-- Your instructions --
Give the data again word for word; drop the pictures.

Top of Material for this task

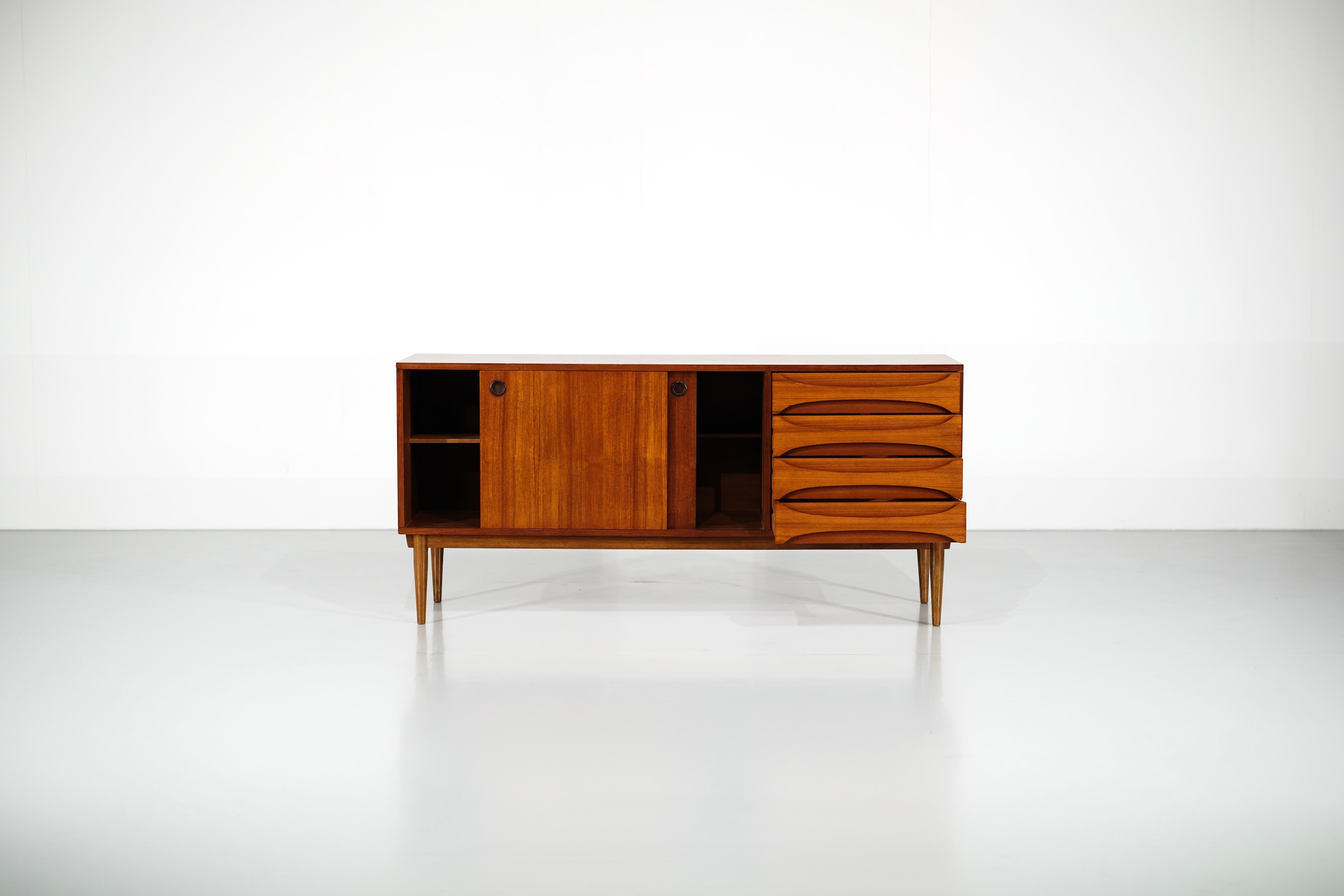 
Sideboard in Wood with two sliding doors and four drawers.

Manufactured in 1960's, full restoration by a professonal.

 
Production period - 1960s.

Measures - Width 170 cm x Depth 45 cm x Height 80 cm.

Materials - Wood.

Color - Brown,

Bottom of Material for this task

-- Finished exercise --
Sideboard in Wood with two sliding doors and four drawers.

Manufactured in 1960's, full restoration by a professonal.

 
Production period - 1960s.

Measures - Width 170 cm x Depth 45 cm x Height 80 cm.

Materials - Wood.

Color - Brown,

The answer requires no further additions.